VICTOR MADERA, RAMIRO MADERA AND MANUELA MADERA, PLAINTIFFS-APPELLEES,
v.
BOARD OF EDUCATION OF THE CITY OF NEW YORK, BERNARD E. DONOVAN, AS SUPERINTENDENT OF SCHOOLS OF THE CITY OF NEW YORK, THERESA S. RAKOW, AS DISTRICT SUPERINTENDENT FOR DISTRICT ONE IN THE CITY OF NEW YORK, DEFENDANTS-APPELLANTS



Moore, Friendly and Anderson, Circuit Judges.

Author: Moore

MOORE, Circuit Judge:

On February 2, 1967, plaintiff Victor Madera, was a 14-year-old student in the seventh grade in Junior High School No. 22, District No. 1 of the New York City public school system. On that date, after a period of more than a year of behavioral difficulties, Victor was suspended from school by the principal.

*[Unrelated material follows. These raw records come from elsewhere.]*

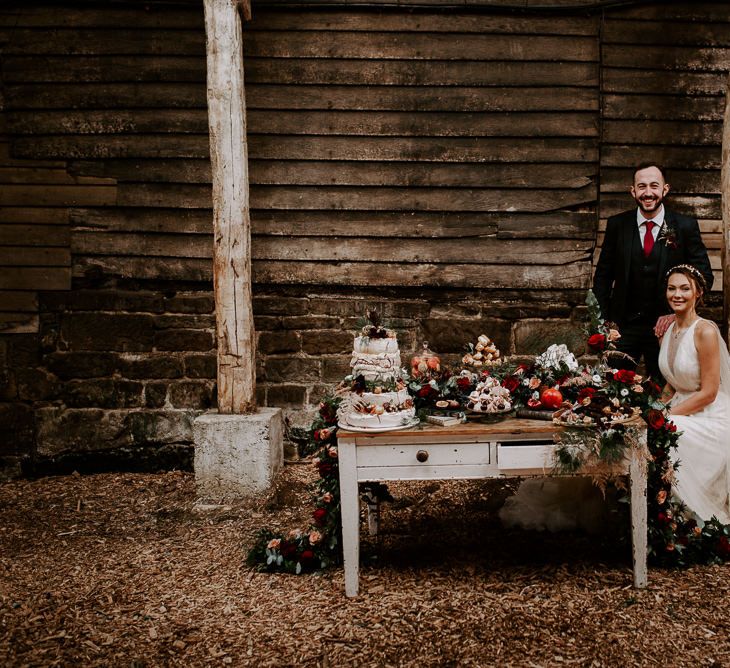 Bride and Groom Enjoying an Intimate Dessert Table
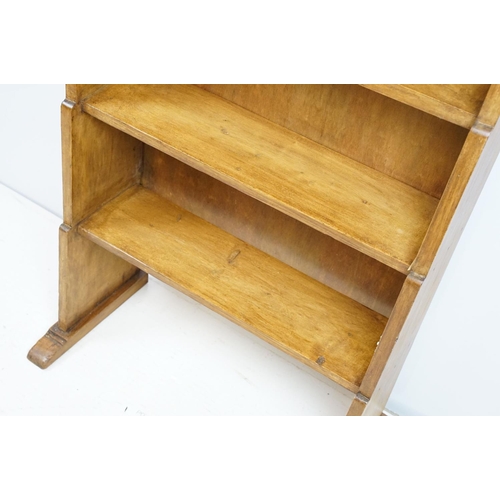 696 - Vintage waxed and polished four tier pine bookcase, 114cm high x 65cm wide x 31cm deep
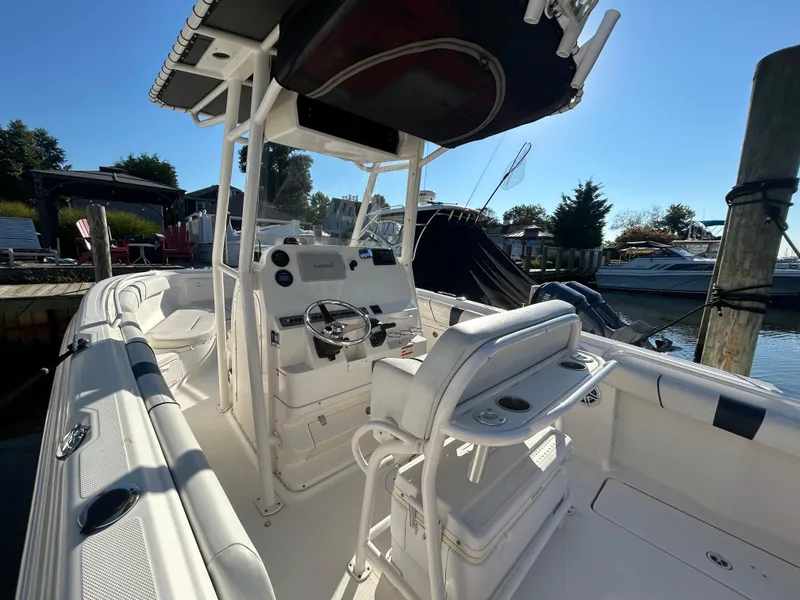 Slide: The Image of 2015 Wellcraft 252 Fisherman boat interior with steering console and seating, docked at marina. - 16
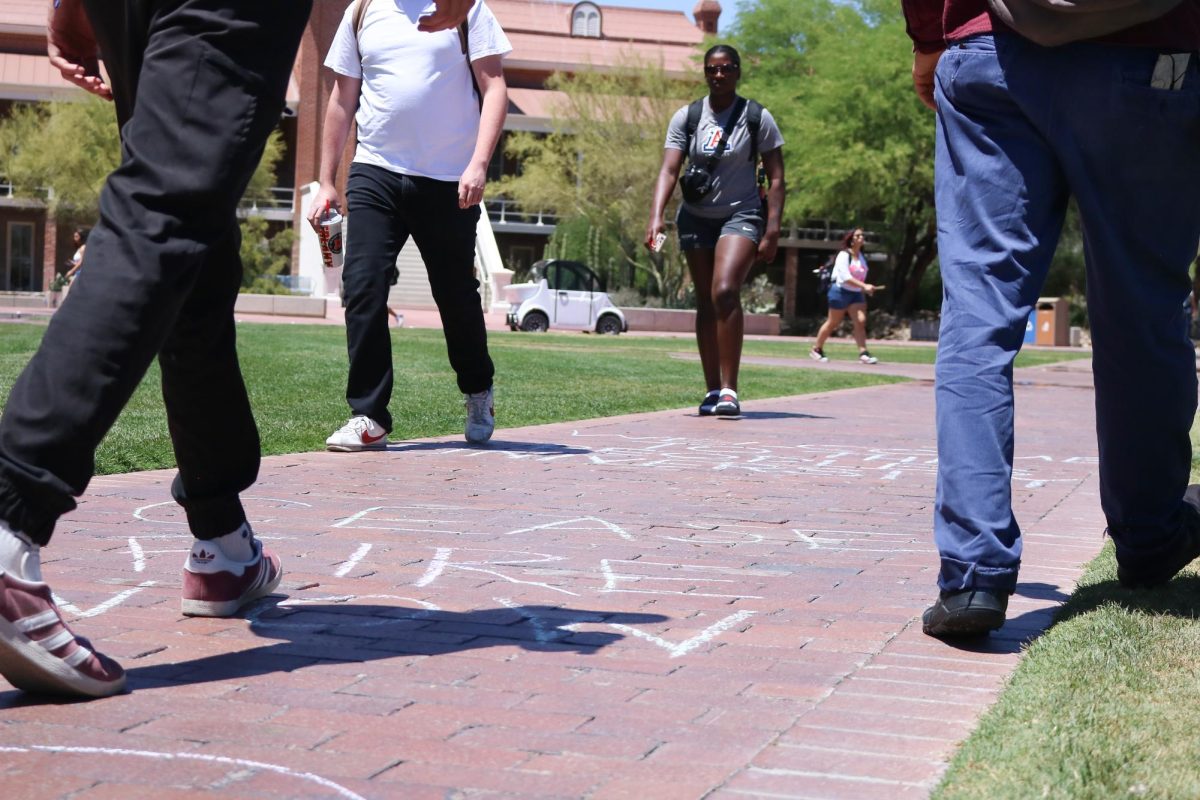 Students walk along the mall where pro-Palestine messages are written in chalk on April 29. “Free Gaza” and “Cease fire now” were among these messages.
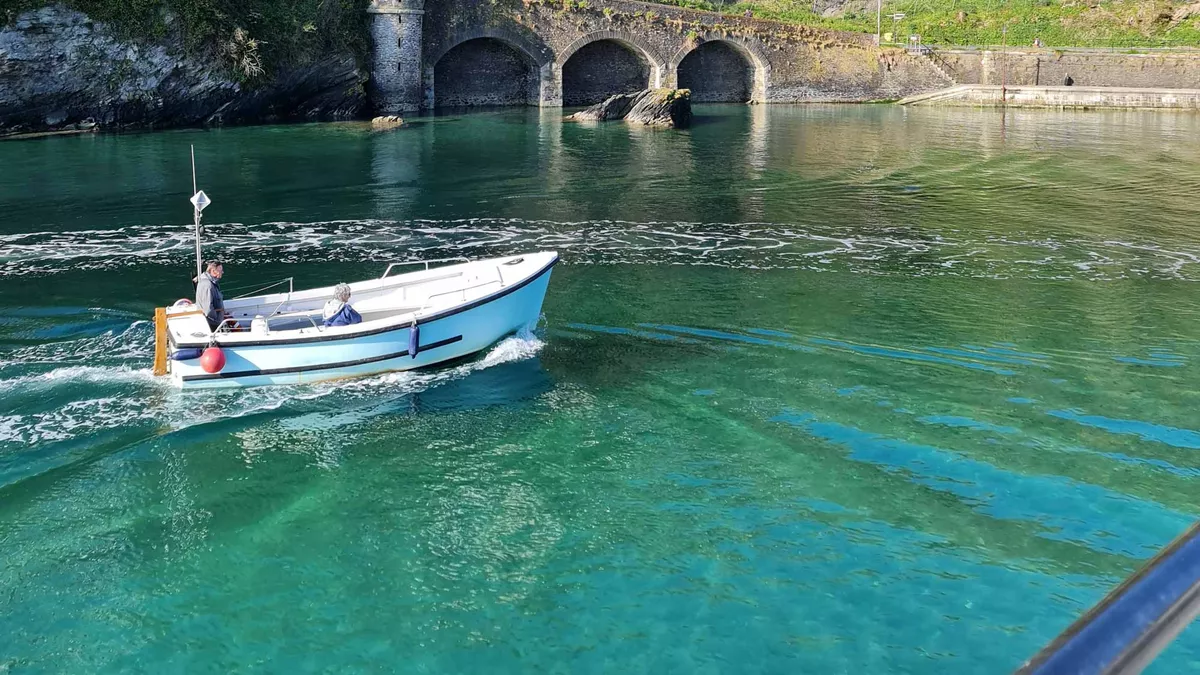 small boat moving through crystal clear water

Victor's principal notified the District Superintendent of District No. 1, Miss Theresa Rakow, of the suspension. Miss Rakow notified Victor's parents, requesting their presence at a Guidance Conference to be held in her office on February 17, 1967, with regard to Victor's suspension.

After Victor's parents received the notice, they sought the aid of legal counsel who wrote to Miss Rakow asking to appear on behalf of Mr. and Mrs. Madera and their son at the conference. Miss Rakow's office advised the attorney that he could not attend the conference. General Circular No. 16 (1965-1966), promulgated by the Board of Education of the City of New York and the Superintendent of Schools, provides:

"Inasmuch as this is a guidance conference for the purpose of providing an opportunity for parents, teachers, counselors, supervisors, et al., to plan educationally for the benefit of the child, attorneys seeking to represent the parent or child may not participate." (page 5).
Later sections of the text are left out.